▸ **EXERCISE DESCRIPTION**
Copy the data below exactly, omitting any picture it contains.

▸ **DATA EXCERPT**
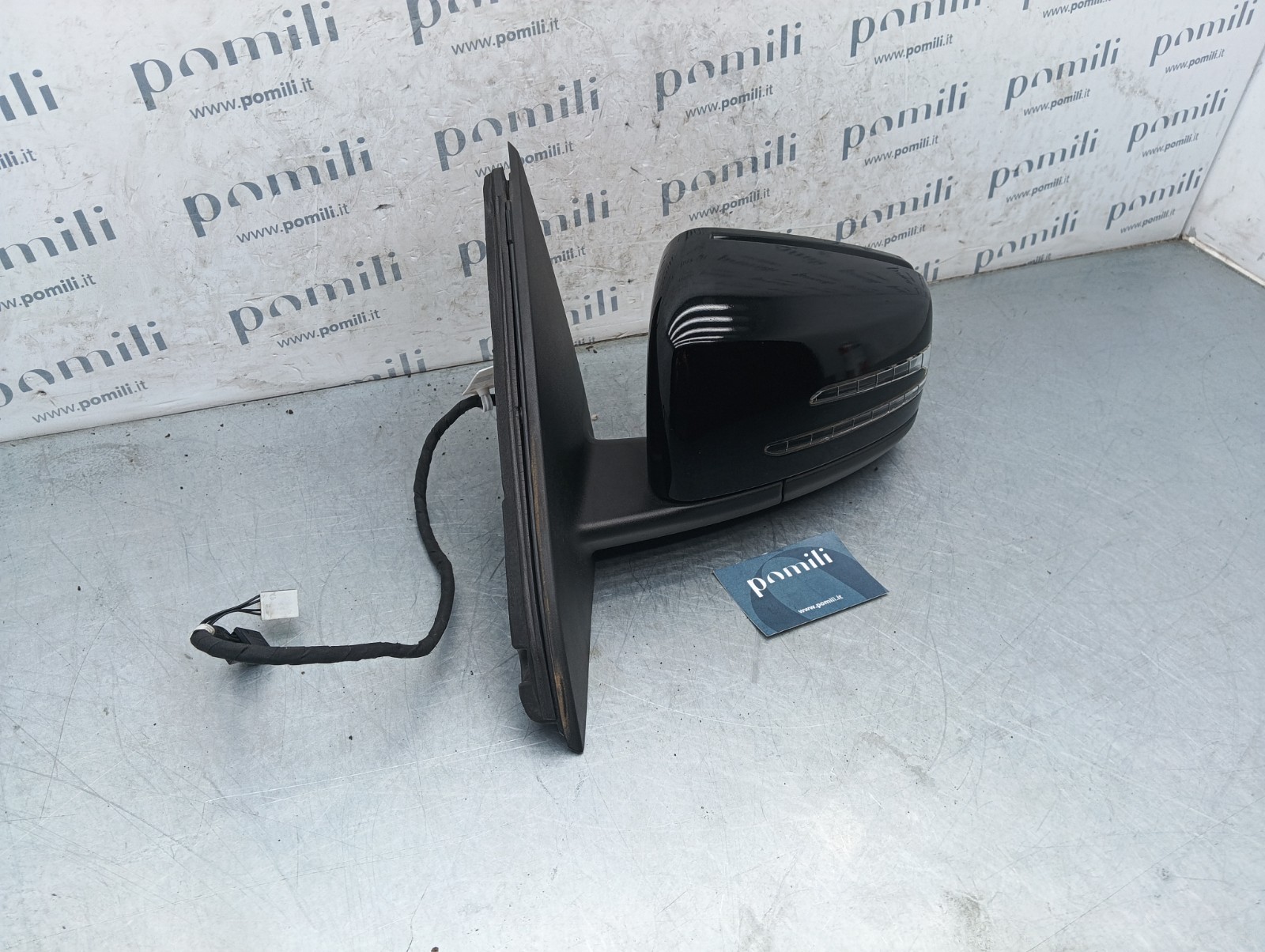 Pomili Cristalli Specchietto Mercedes Classe B W246 A1767270788 sinistro 13 pin usato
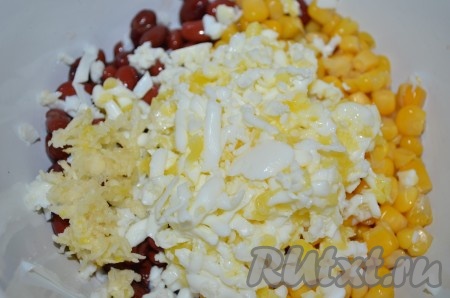 Натереть на терке яйца, измельчить чеснок. Добавить в миску.
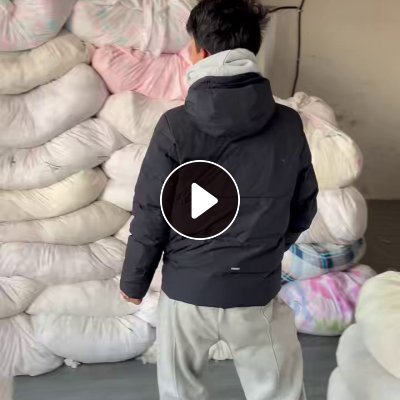 长期出售旧衣服统白，旧衣服开花料，现货10吨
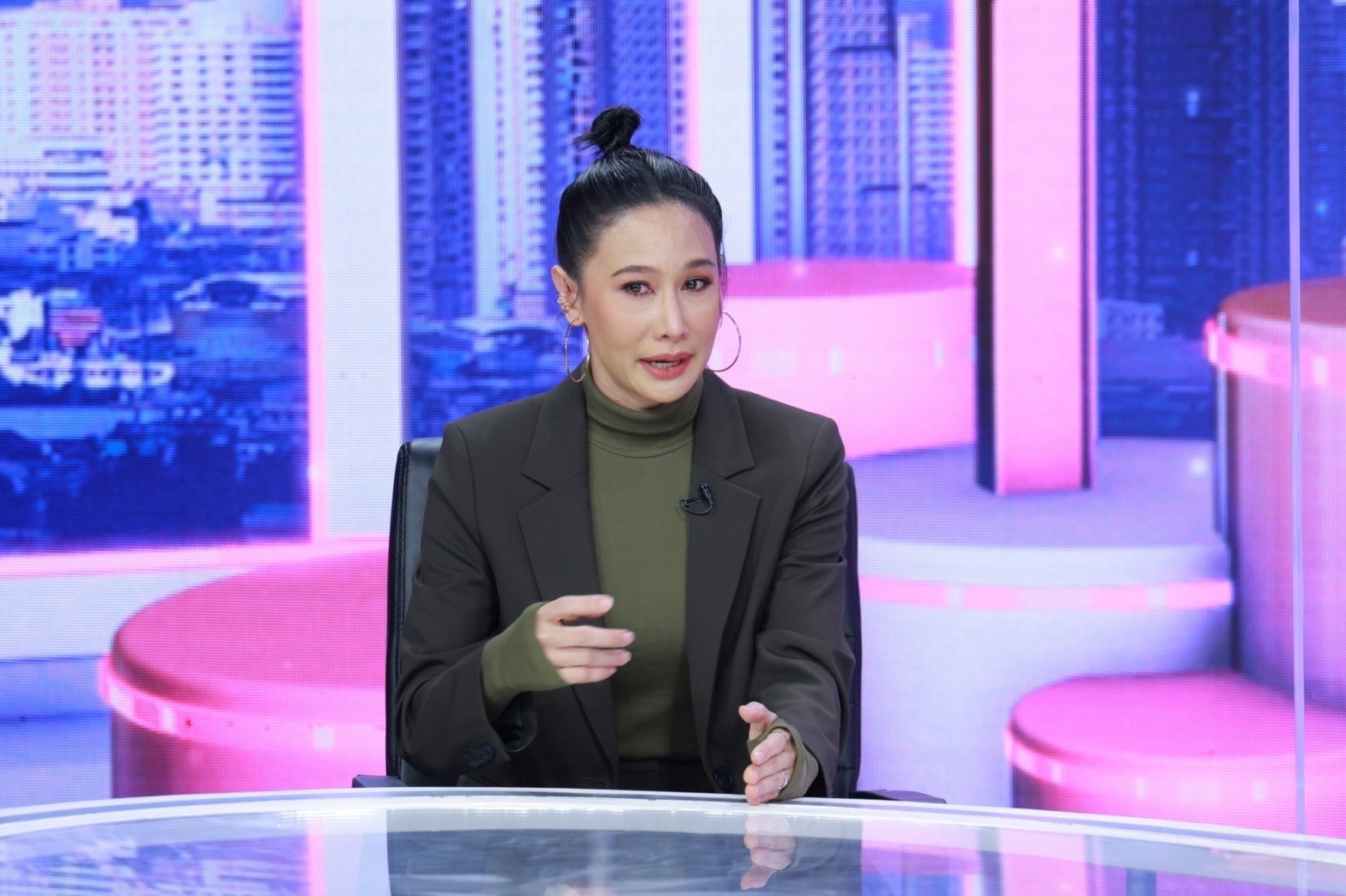 กุ้งพลอย ลั่น! มีปัญหากับ “หนุ่ม” เพราะคนกลาง?  แจงดราม่า ATK ก่อนเจอลูก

▸ **EXPECTED ANSWER**
 Pomili Cristalli Specchietto Mercedes Classe B W246 A1767270788 sinistro 13 pin usato
 Натереть на терке яйца, измельчить чеснок. Добавить в миску.
 长期出售旧衣服统白，旧衣服开花料，现货10吨
 กุ้งพลอย ลั่น! มีปัญหากับ “หนุ่ม” เพราะคนกลาง?  แจงดราม่า ATK ก่อนเจอลูก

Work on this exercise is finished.